Spam. I get alot of it. I’ve battled it with home-brewed procmail recipes, Mozilla message filters, and variety of other means. However, creating my own filters became to cumbersome given the huge amount of ever varying spam I get. So, I installed SpamAssassin so that I could leverage its huge community developed rule base. All mail sent to “@fuzzybelly.org” is now sent through SpamAssassin. It performs, header, text, blacklist, and HTML analysis of each mail message and tags mail that is suspected of being spam with special mail headers which can then be used to direct the mail straight to the trash or to a holding folder using procmail or your favorite mail client.
SpamAssassin performs hundreds of tests against each incoming mail message. Each test holds a certain point value. If a mail message accumulates a point value in excess of a user specified threshold, the message is marked as spam. SpamAssassin prepends its analysis of the message to the message itself so that you can see why it was flagged as spam. This analysis is often very interesting and shows the myriad ways in which spam tries to sneak into your mailbox and track you. Here’s an example from a very spammy message.
SPAM: ——————– Start SpamAssassin results ———————-
SPAM: This mail is probably spam. The original message has been altered
SPAM: so you can recognise or block similar unwanted mail in future.
SPAM: See http://spamassassin.org/tag/ for more details.
SPAM:
SPAM: Content analysis details: (25.9 hits, 5 required)
SPAM: Hit! (2.7 points) Subject contains lots of white space
SPAM: Hit! (2.4 points) ‘Message-Id’ was added by a relay (2)
SPAM: Hit! (0.5 points) Subject has an exclamation mark
SPAM: Hit! (1.0 point) BODY: No such thing as a free lunch (3)
SPAM: Hit! (0.8 points) BODY: Uses words and phrases which indicate porn (11)
SPAM: Hit! (0.1 points) BODY: Uses words and phrases which indicate porn (10)
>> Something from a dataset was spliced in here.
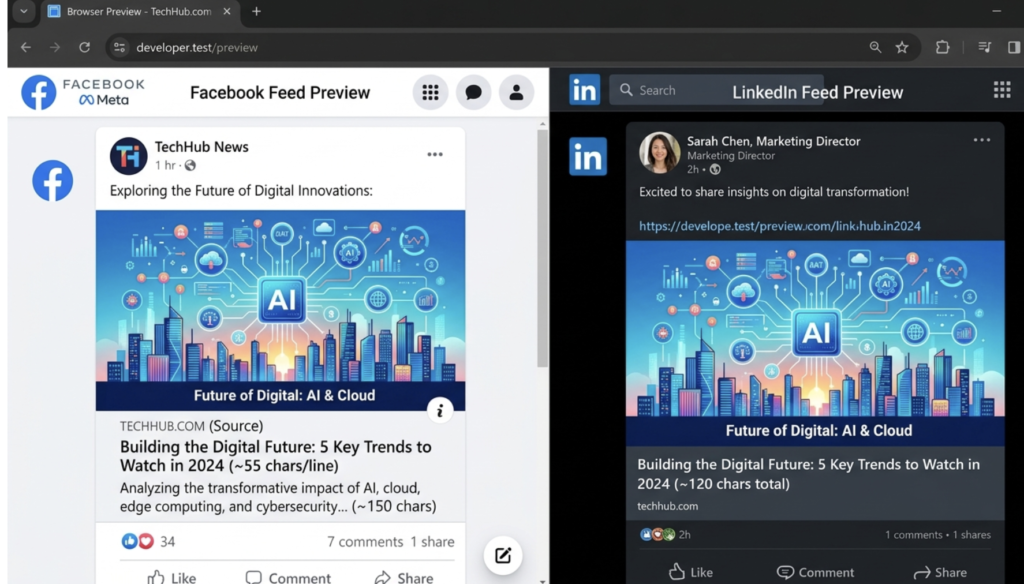 show Facebook/LinkedIn link preview comparison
SPAM: Hit! (1.5 points) BODY: Asks you to click below
SPAM: Hit! (0.1 points) BODY: List removal information
SPAM: Hit! (1.8 points) URI: Uses %-escapes inside a URL’s hostname
SPAM: Hit! (-0.3 points) URI: Includes a link to send a mail with a subject
SPAM: Hit! (1.9 points) URI: Includes a URL link to send an email with the subject ‘remove’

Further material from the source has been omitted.